After looking at the non-dominated solutions in my summary table, I decided that the following solution was best:

non_dominated_solution_scores.csv

As noted in the best_solution_details.txt file, the evaluation scores of my chosen solution are: (('overallocation', 0), ('conflicts', 2), ('undersupport', 5), ('unwilling', 0), ('unpreferred', 4)).

The assignments of my chosen solution are:

In looking at the different objectives, I felt as though 'overallocation' and 'unwilling' should be prioritized as these pertain to needs directly expressed by TAs regarding their workload capacity. With this in mind, a failure to abide by these expressed needs during scheduling will overextend the TA (something that is unfair given being a TA is voluntary and their needs were clearly expressed before scheduling) and possibly hurt their overall perception of the Khoury TA program. The solution above achieves 0 overallocations so no TA is responsible for supporting more labs than they are capable of as well as 0 unwilling assignments so no TA is assigned to a section they are unwilling to support. In doing so, TAs won't be assigned to labs that violate their basic scheduling needs.

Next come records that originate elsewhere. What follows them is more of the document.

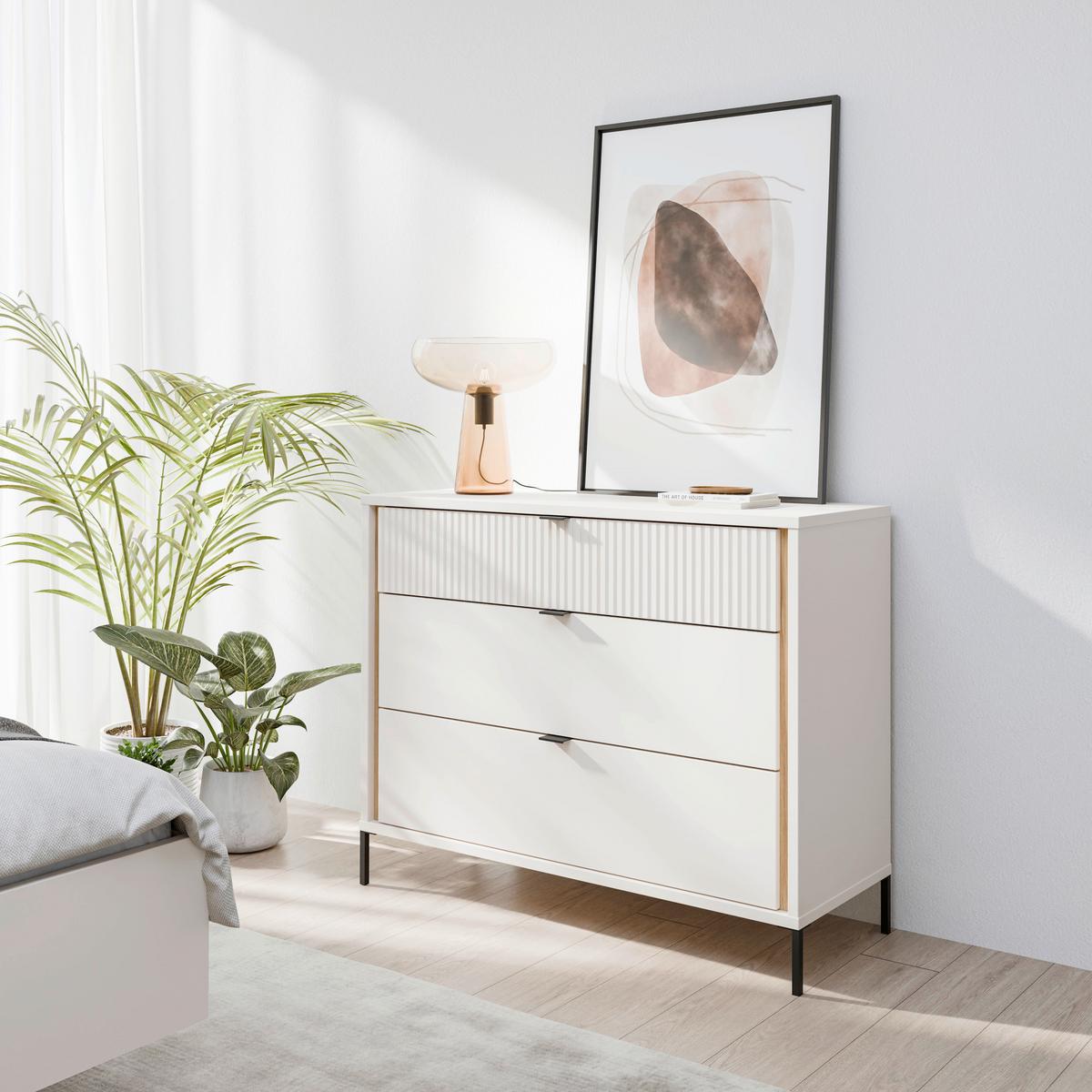 Komoda Seravel - boje hrasta/boje pijeska, Konvencionalno, drvni materijal/metal (109,4/87,2/41,5cm) - Modern Living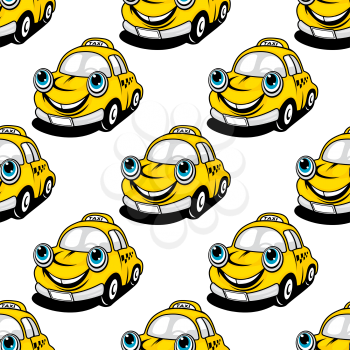 Cartoon taxi car seamless pattern on white background. For transportation service design
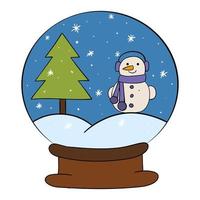 um globo de neve com uma árvore de natal e um boneco de neve. ilustração vetorial. vetor
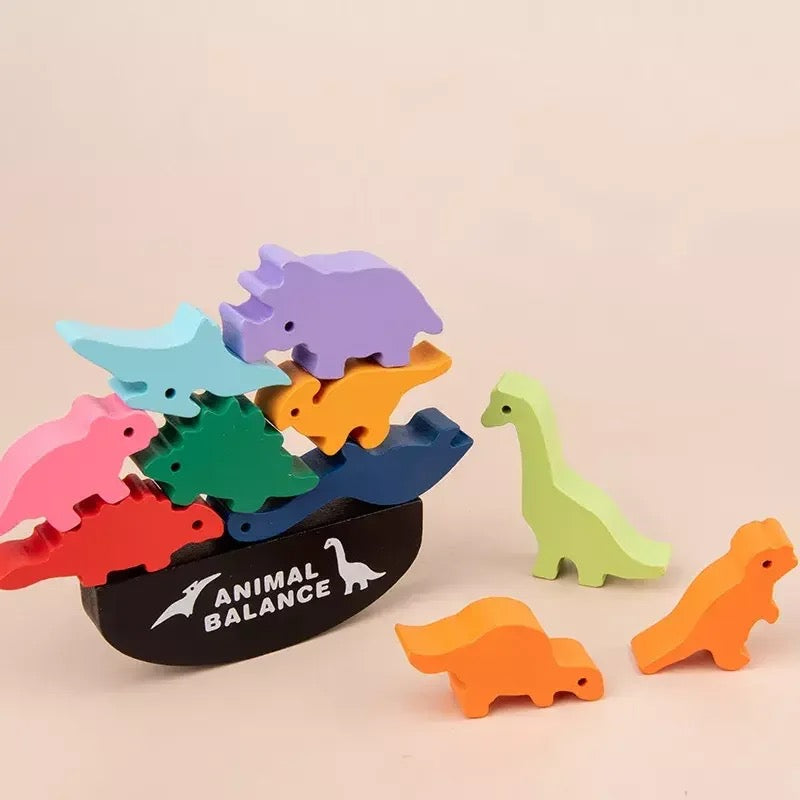 Wooden Animal Balance and Stacking Blocks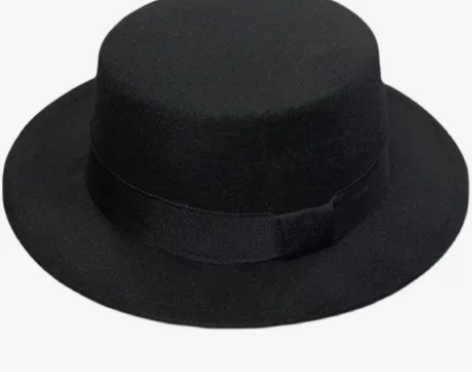 秋冬礼帽英伦黑色平顶帽韩版赫本绅士爵士帽平...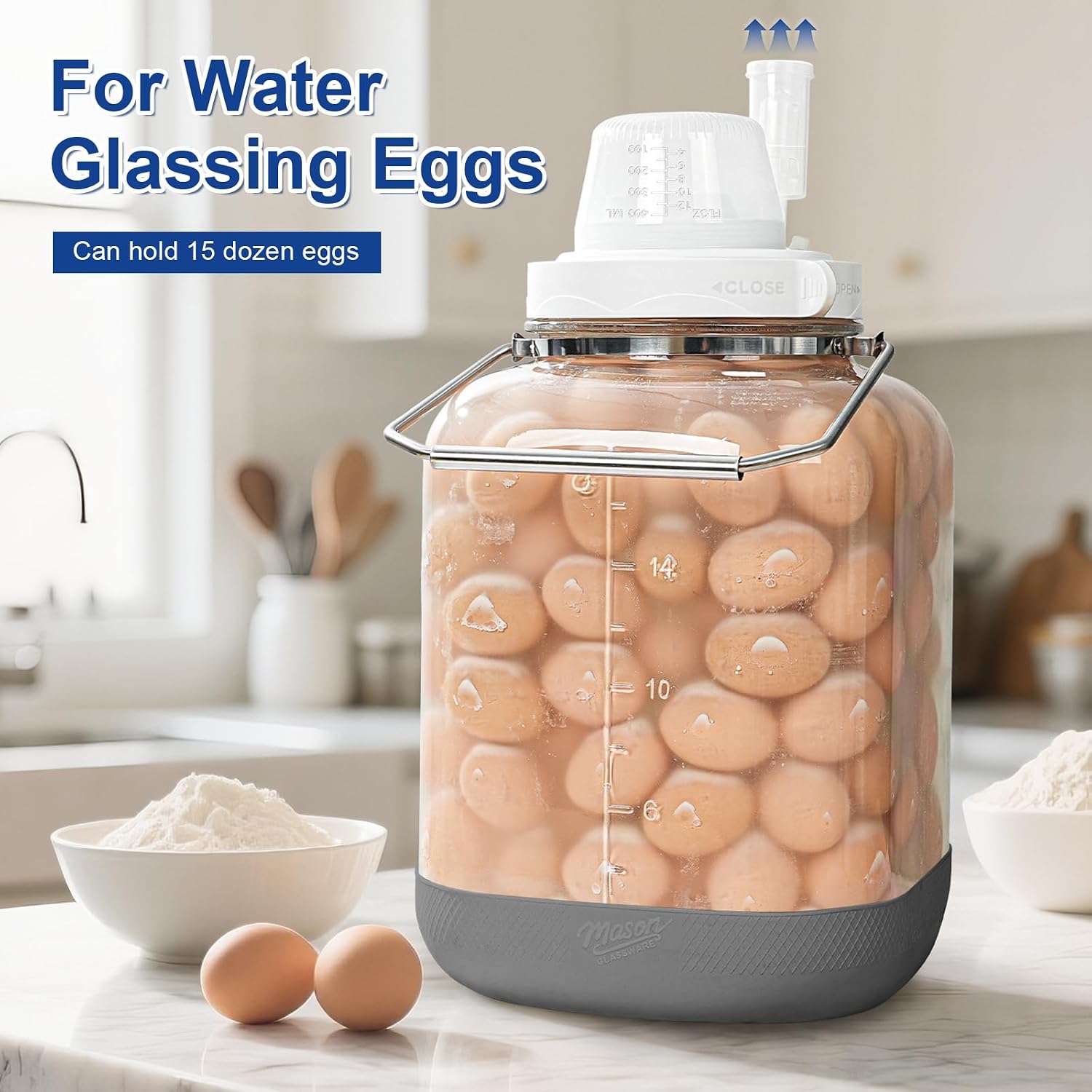 5 Gallon Square Fermentation Jar with Wide Mouth, Stainless Handles, 1 Pack | Airtight Seal, Airlock Included, Quart
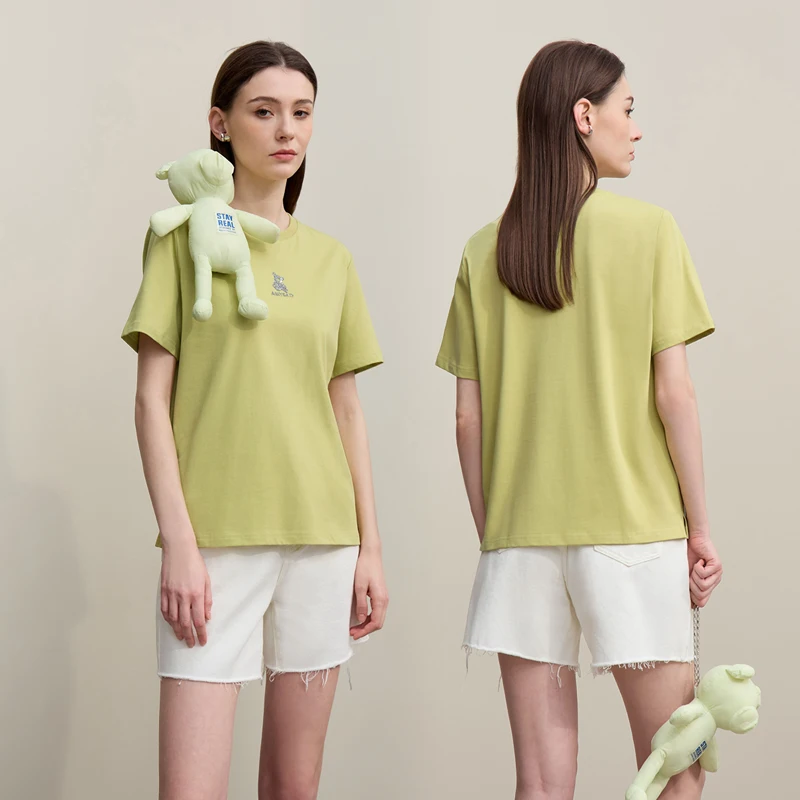 Amii Top Women 2026 Summer New Round Neck Bear Letter Diamond Craft Cotton T-shirt Women's Versatile Short Sleeve Tee 12642020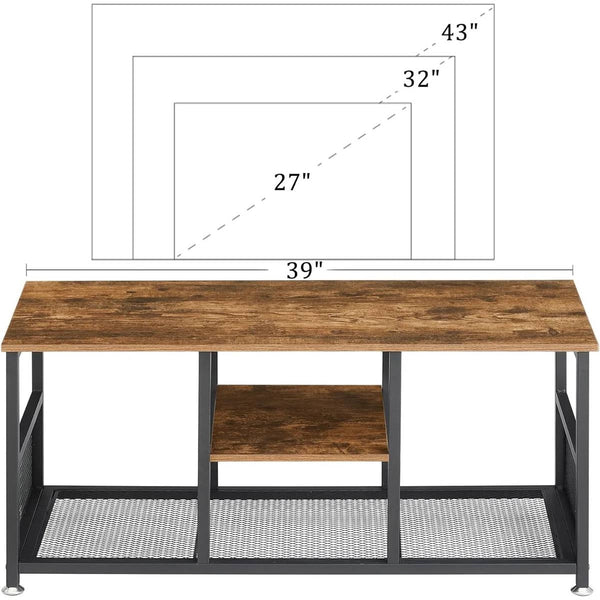 Industrial Modern Metal Wood TV Stand with Media Storage Shelf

While this solution has 5 undersupported sections, there are still four TAs that are assigned to no sections, as shown above. Therefore, Khoury still may have the option to assign these TAs to one (or two) of these undersupported sections if the TA agrees. While this is not ideal (unassigned TAs may not agree to help) and I think undersupport is an important objective to consider, this solution had the lowest undersupport objective score of the solutions that had 0 overallocations and 0 unwilling assignments (which I believe are the most important objectives to maintaining TA happiness and satisfaction), leading to my selection of this solution.

Finally, this solution had 4 unpreferred assignments. Despite this score being tied for highest unpreferred score for all non-dominated solutions, I felt that this objective was least important to consider because it represents an ideal scenario. In other words, while it would be nice to assign all TAs to sections they prefer, there are some cases where I believe it is worth assigning a TA to a section they are only willing (not unwilling) to support for the sake of minimizing conflicts or undersupport as these objectives relate directly to the quality of TA support students will be receiving (need TAs available at class time to help). While it is important to prioritize TA satisfaction with assignments as mentioned earlier, being a TA also means working when help is most needed, which may not always be at preferred times. For all these reasons, I consider this solution to be my best solution.

This project was a deep exploration of evolutionary computing and its application to real-world resource allocation challenges; by addressing TA assignments for lab sections, I contributed to developing an intelligent decision-support system to aid Khoury College faculty. Implementing the evolutionary framework helped me understand how iterative optimization balances complex priorities (in this case, minimizing overallocation, undersupport, and unpreferred assignments) within strict time constraints. The emphasis on functional programming and test-driven development taught me the importance of clean, modular code, as well as verifying that your code is accurate as you work (as opposed to at the very end of a file).

Furthermore, designing agents to address specific objectives required balancing tradeoffs, such as reducing overallocation without creating time conflicts, and demonstrated the complexity of optimizing competing constraints. Presenting a Pareto-optimal set of solutions and analyzing tradeoffs after running the optimizer deepened my technical and critical thinking skills as well. While my best solution achieved a balanced tradeoff, the project underscored the challenges of achieving perfection in real-world scenarios as even my best solution had compromises. Overall, this experience strengthened my problem-solving skills and encouraged me to think through the purpose and function of all elements of my code. Numerous deliverables and competing objectives made it difficult to know what to prioritize at times, but this project sparked a lot of growth in my programming skills and coding approach that I will use in the future.